> _Stored data_
= = = =

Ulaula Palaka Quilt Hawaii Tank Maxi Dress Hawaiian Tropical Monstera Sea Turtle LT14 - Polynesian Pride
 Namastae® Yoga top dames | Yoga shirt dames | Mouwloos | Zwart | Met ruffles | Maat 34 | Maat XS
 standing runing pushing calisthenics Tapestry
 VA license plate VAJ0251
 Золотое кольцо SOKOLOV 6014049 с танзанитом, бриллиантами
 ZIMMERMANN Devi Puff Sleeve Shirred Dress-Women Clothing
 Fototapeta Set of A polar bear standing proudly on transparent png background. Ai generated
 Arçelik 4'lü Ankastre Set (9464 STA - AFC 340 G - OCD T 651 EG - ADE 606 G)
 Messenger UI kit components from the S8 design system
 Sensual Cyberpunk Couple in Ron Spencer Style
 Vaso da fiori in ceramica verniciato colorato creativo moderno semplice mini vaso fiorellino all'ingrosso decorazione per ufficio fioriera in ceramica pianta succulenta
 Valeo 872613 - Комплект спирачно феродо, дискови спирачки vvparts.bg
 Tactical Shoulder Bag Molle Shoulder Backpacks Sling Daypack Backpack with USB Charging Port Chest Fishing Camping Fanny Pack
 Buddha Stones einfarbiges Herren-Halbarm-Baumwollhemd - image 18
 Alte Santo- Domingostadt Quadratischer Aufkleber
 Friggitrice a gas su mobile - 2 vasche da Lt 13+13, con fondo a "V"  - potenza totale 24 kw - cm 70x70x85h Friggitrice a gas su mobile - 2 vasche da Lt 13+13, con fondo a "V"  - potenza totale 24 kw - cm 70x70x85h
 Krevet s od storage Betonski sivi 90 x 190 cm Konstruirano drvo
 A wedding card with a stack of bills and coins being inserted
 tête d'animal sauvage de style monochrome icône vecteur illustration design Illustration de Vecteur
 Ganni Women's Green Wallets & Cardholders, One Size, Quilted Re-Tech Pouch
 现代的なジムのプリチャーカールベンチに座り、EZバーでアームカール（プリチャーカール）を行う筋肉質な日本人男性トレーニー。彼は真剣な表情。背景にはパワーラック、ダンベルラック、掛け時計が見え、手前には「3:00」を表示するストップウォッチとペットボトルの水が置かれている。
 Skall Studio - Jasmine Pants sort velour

= = = =

> _ACTIVITY_
Across the entries above, find the lines with the string "Dress" and copy them.

> _EXERCISE SOLUTION_
Ulaula Palaka Quilt Hawaii Tank Maxi Dress Hawaiian Tropical Monstera Sea Turtle LT14 - Polynesian Pride
 ZIMMERMANN Devi Puff Sleeve Shirred Dress-Women Clothing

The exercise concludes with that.